» **RECORDED INFORMATION**
^^^^^^^^
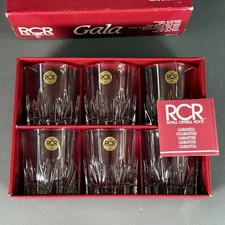 Vintage RCR Royal Crystal Rock Gala Old Fashioned Tumblers Set of 6 - 24% Lead picture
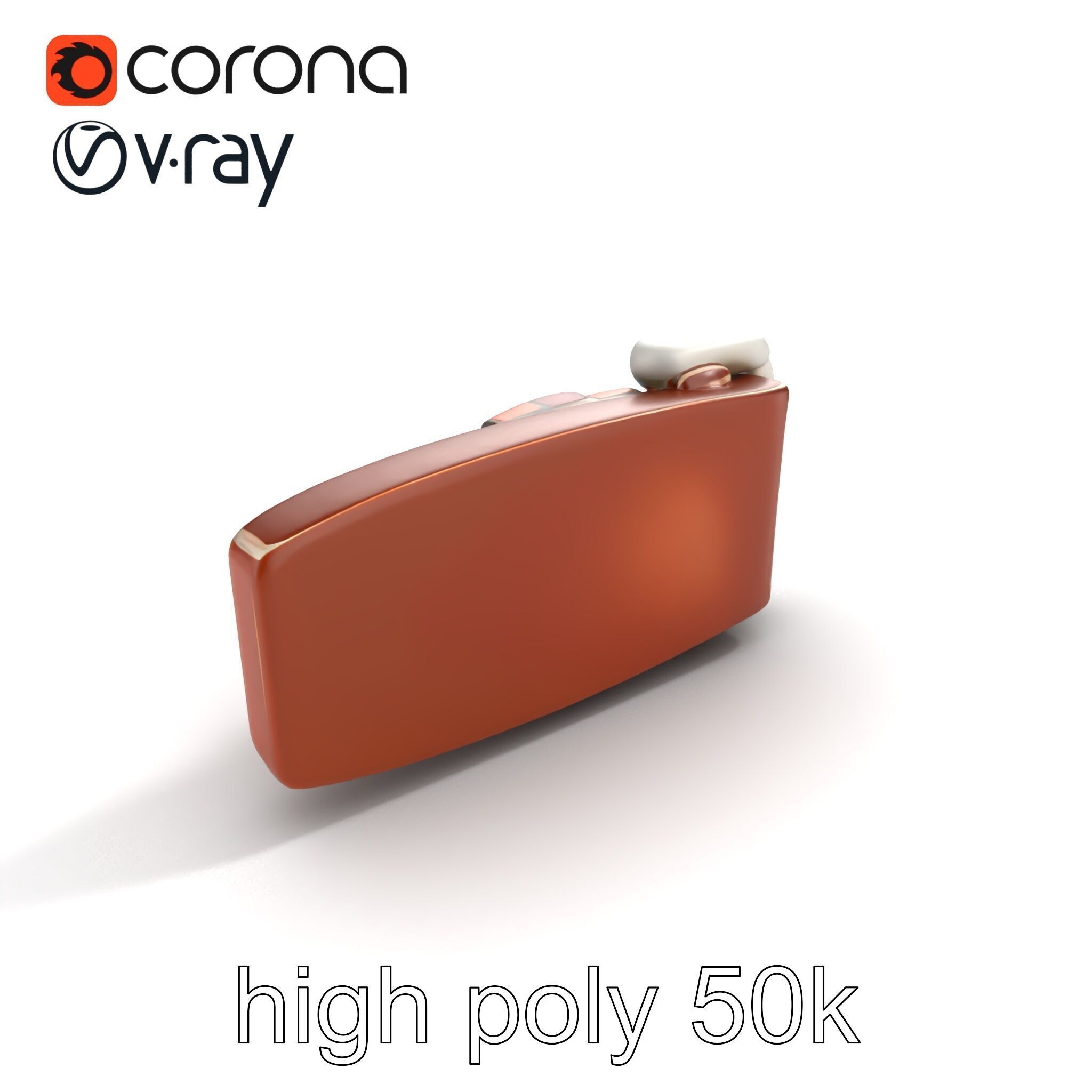 Chestnut Brown Leather Belt with Silver Buckle model pack Low-poly 3D model_31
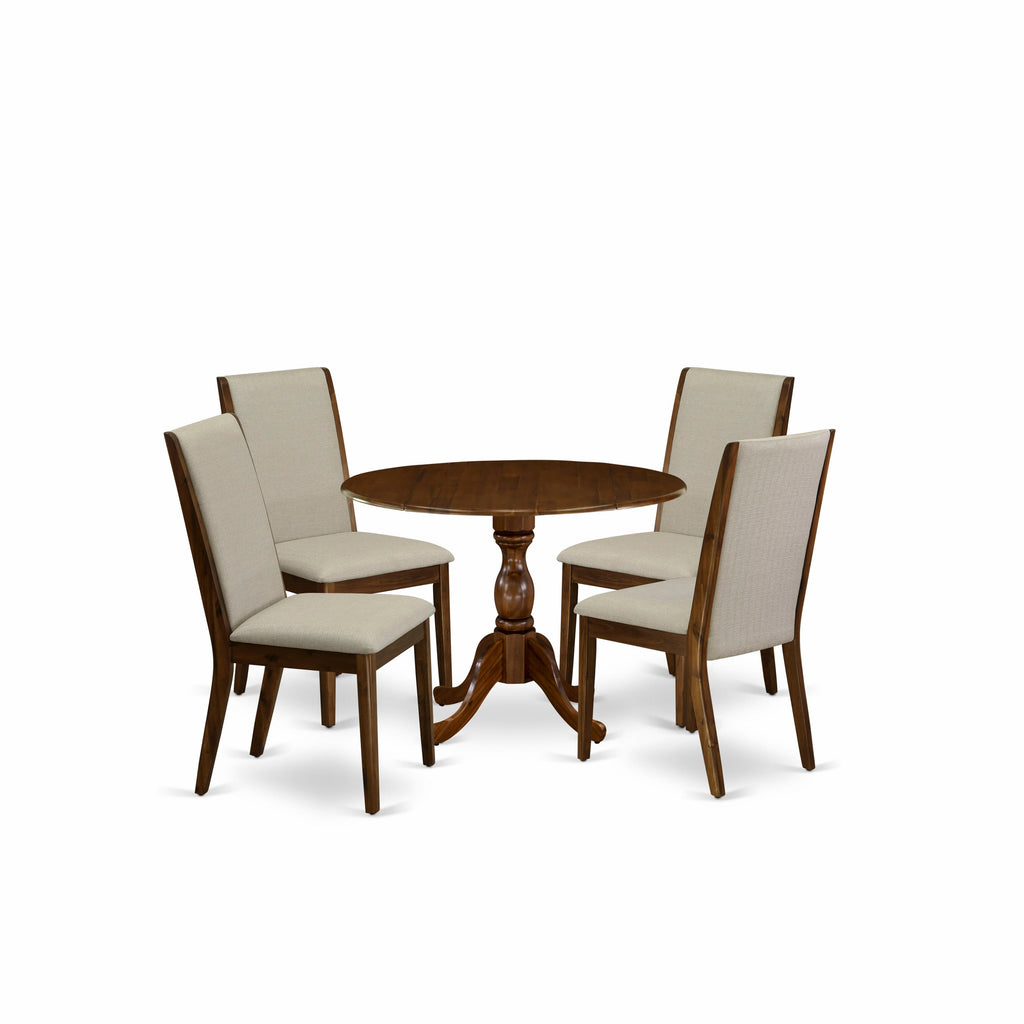 Juego de comedor East West Furniture DMLA5-AWA-05 de 5 piezas: mesa redonda de 42 cm y 4 sillas Parson, color nogal antiguo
^^^^^^^^
» **TASK DETAILS**
Every line from the one with "Chestnut Brown Leather" through the last line of the material gets printed exactly, and nothing more. Omit the pictures.

» **PROBLEM SOLUTION**
 Chestnut Brown Leather Belt with Silver Buckle model pack Low-poly 3D model_31
 Juego de comedor East West Furniture DMLA5-AWA-05 de 5 piezas: mesa redonda de 42 cm y 4 sillas Parson, color nogal antiguo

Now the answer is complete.